• [What to do] Write out the full listing exactly as given, minus the images.

• [Raw data]
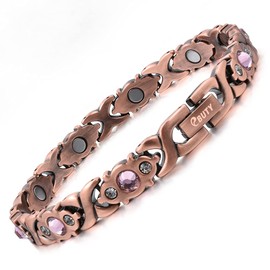 Women Pure Copper Bracelet with Pink Crystal with Jewelry Box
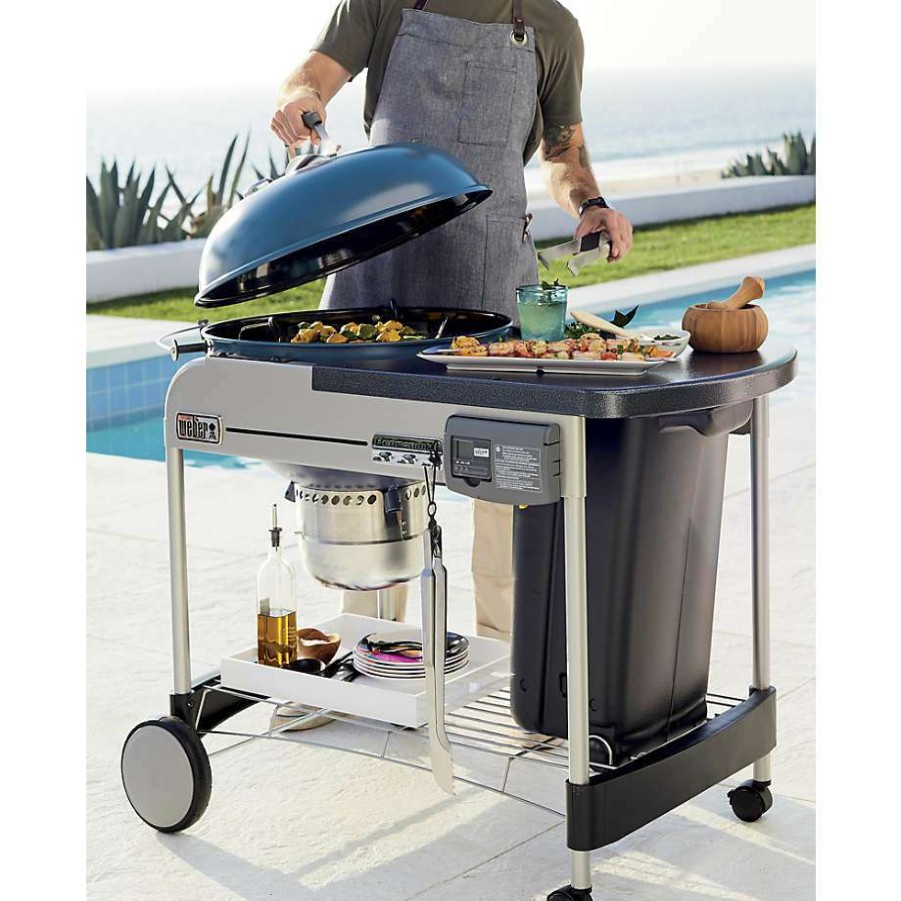 Barbecue & Grilling * | Free Delivery Weber Performer Deluxe Slate Blue Outdoor Charcoal Grill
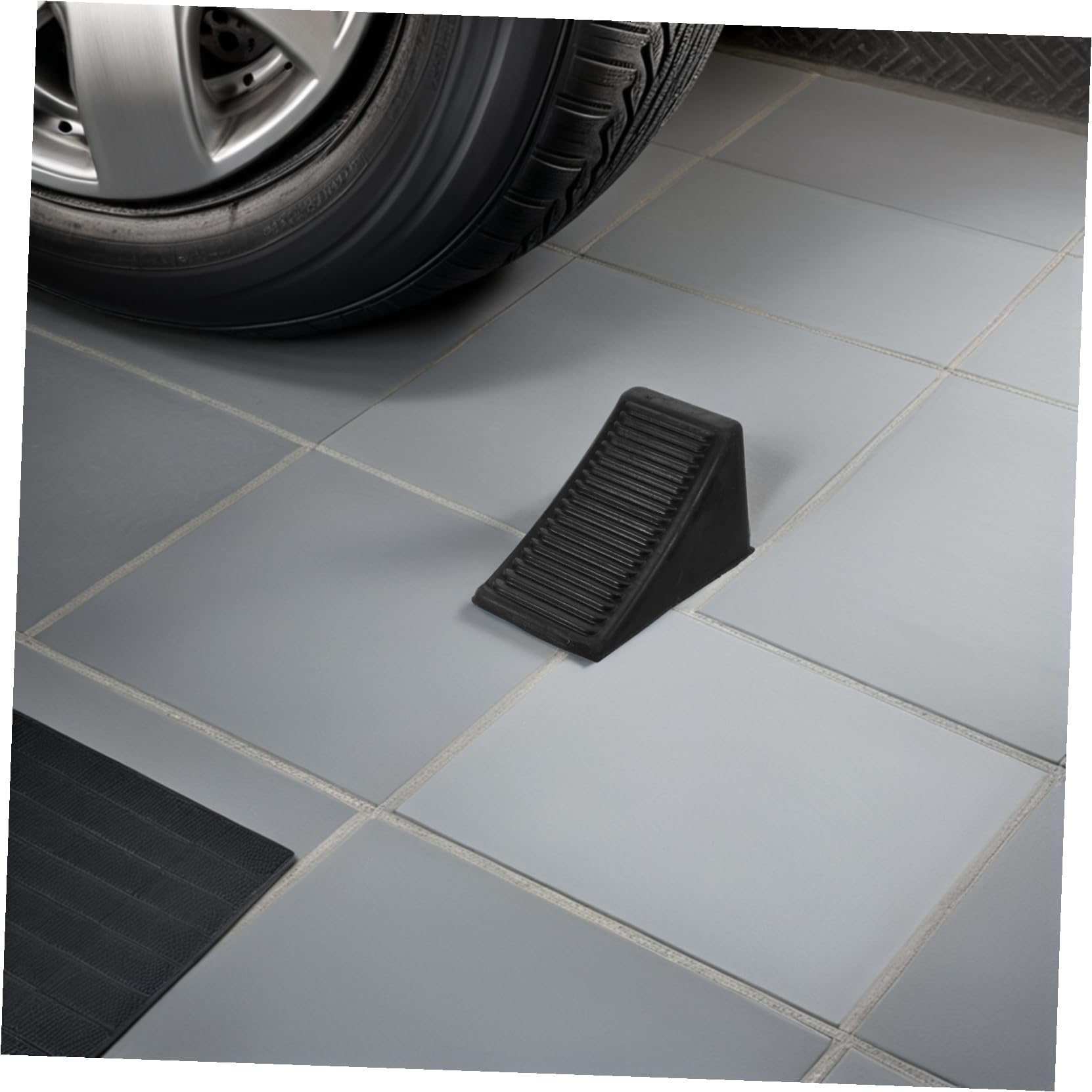 2stücke Gummireifenkeile für Garage Auto Parkstopper mit Antirutschmatte Radstopper für Anhänger und Fahrzeuge Gummiparkblock für Sicheres Parken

• [Answer for the task]
 Women Pure Copper Bracelet with Pink Crystal with Jewelry Box
 Barbecue & Grilling * | Free Delivery Weber Performer Deluxe Slate Blue Outdoor Charcoal Grill
 2stücke Gummireifenkeile für Garage Auto Parkstopper mit Antirutschmatte Radstopper für Anhänger und Fahrzeuge Gummiparkblock für Sicheres Parken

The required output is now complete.